Are Hulk Hogan and Eric Bischoff about to relive history? Is a national wrestling organization going to be pulled under once and for all because of their incompetence?
We may be inching closer to the end of TNA.
These are troubling signs that all is not well in Dixieland. The company may not only be in trouble, but it may have been injected with a lethal dose of poison that will pull it under.
For fans familiar with wrestling history, they've seen this play out before. WCW was the No. 2 wrestling company in the country for years (briefly No. 1). Near the end, ratings had dropped, but they were still nearly three times that of TNA's. The plug was then pulled.
Suddenly, there was one company left standing.

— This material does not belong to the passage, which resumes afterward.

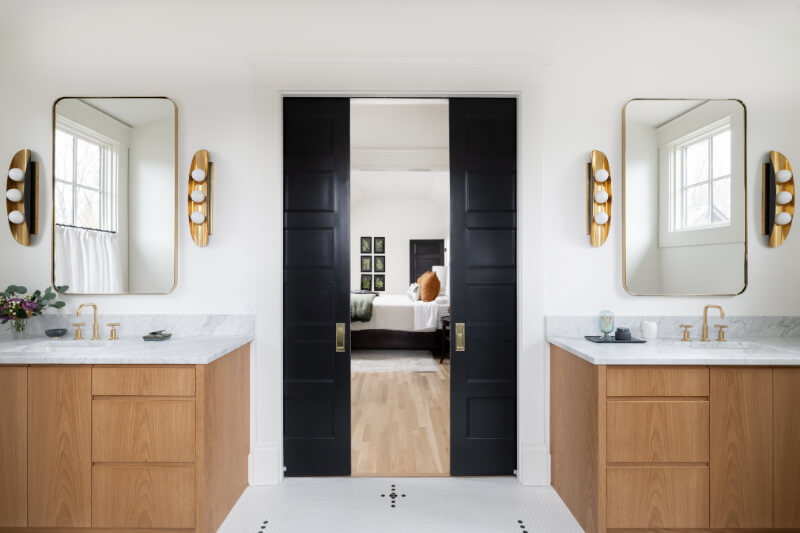 A Historic Nashville Home with STUNNING Colorful Accents! - 16 Modern bathroom with dual wooden vanities, gold fixtures, and large mirrors. Black double doors feature access to a bedroom where sunlight streams through windows, illuminating the bed.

Despite all Hulk Hogan and Eric Bischoff did for WCW, they also had a hand in putting it out of business. They played politics, brought in their cronies, dished out big money contracts and didn't know what talent to push when times got tough.

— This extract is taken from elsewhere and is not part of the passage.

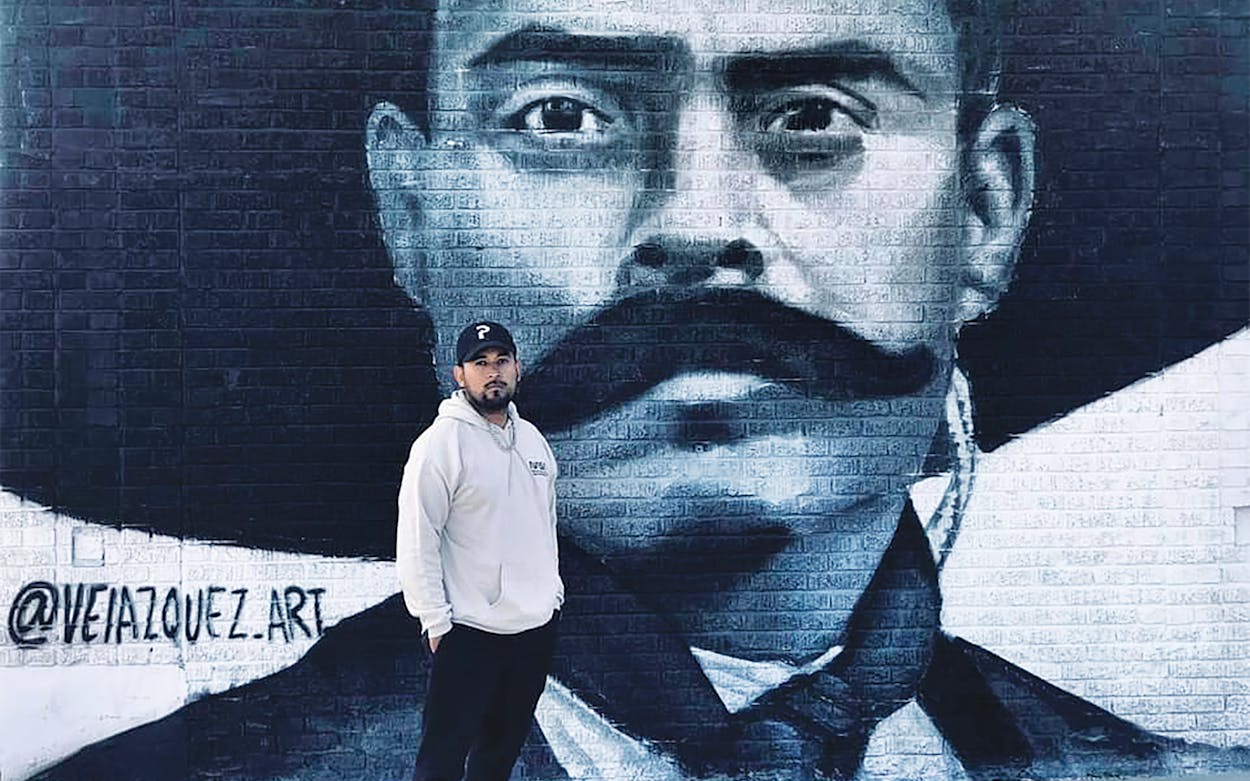 Juan Valezquez in front of his mural of Emiliano Zapata.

Here are five ways that we may be seeing history repeat itself, and why Hogan and Bischoff may end up putting another wrestling company out of business.
Since Hulk Hogan and Eric Bischoff joined TNA, they've given a bunch of big pushes to various talent, only to just as abruptly stop those pushes.
Orlando Jordan, Rob Terry, Jay Lethal, Crimson, Rob Van Dam and Abyss (who Hogan infamously described as the next John Cena) were the duos' hand-picked choices to become stars. None of them panned out.
We also haven't seen a lot of new faces join the company either, and what we have seen hasn't been encouraging.
Wes Brisco and Garett Bischoff are two prime examples of their cluelessness. Garett simply wouldn't have a job if it weren't for his father. If TNA let him go today, it's incredibly doubtful that WWE would ever come calling.
Brisco meanwhile has a legendary last name, but he was let go from WWE developmental. He should have had every chance in the world to join the WWE roster, but he never made it. If they didn't want him, you can only guess what was wrong.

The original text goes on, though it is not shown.